Task to carry out | Using the string "photo" as the key, pull each matching line out of the records below.

= = = =

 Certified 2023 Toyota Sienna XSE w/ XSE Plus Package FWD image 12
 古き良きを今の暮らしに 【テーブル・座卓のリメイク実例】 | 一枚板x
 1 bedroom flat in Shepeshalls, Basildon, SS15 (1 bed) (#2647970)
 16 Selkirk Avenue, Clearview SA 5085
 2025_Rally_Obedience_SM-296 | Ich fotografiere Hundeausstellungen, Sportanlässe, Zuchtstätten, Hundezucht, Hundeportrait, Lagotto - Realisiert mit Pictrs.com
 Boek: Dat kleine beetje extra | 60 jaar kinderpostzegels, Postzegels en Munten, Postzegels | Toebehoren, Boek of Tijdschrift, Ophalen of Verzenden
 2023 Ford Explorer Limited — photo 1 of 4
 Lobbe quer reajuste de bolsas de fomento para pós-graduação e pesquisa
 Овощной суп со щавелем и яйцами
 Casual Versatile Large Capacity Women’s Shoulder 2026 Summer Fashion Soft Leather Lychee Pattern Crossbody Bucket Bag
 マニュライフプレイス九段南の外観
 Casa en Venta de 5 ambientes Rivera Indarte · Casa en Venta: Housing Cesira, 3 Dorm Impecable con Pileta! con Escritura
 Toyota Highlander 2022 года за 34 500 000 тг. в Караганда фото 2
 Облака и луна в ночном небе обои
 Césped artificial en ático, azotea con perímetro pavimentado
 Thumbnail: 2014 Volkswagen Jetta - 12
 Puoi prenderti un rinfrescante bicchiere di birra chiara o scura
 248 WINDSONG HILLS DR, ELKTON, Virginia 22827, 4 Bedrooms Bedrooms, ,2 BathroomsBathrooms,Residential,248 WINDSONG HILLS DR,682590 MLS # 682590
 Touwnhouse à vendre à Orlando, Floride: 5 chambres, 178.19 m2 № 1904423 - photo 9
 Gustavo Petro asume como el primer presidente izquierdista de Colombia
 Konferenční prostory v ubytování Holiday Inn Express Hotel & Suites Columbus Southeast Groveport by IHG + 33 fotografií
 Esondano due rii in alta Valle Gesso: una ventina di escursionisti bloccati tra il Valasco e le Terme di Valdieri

= = = =

Response below |
 2023 Ford Explorer Limited — photo 1 of 4
 Touwnhouse à vendre à Orlando, Floride: 5 chambres, 178.19 m2 № 1904423 - photo 9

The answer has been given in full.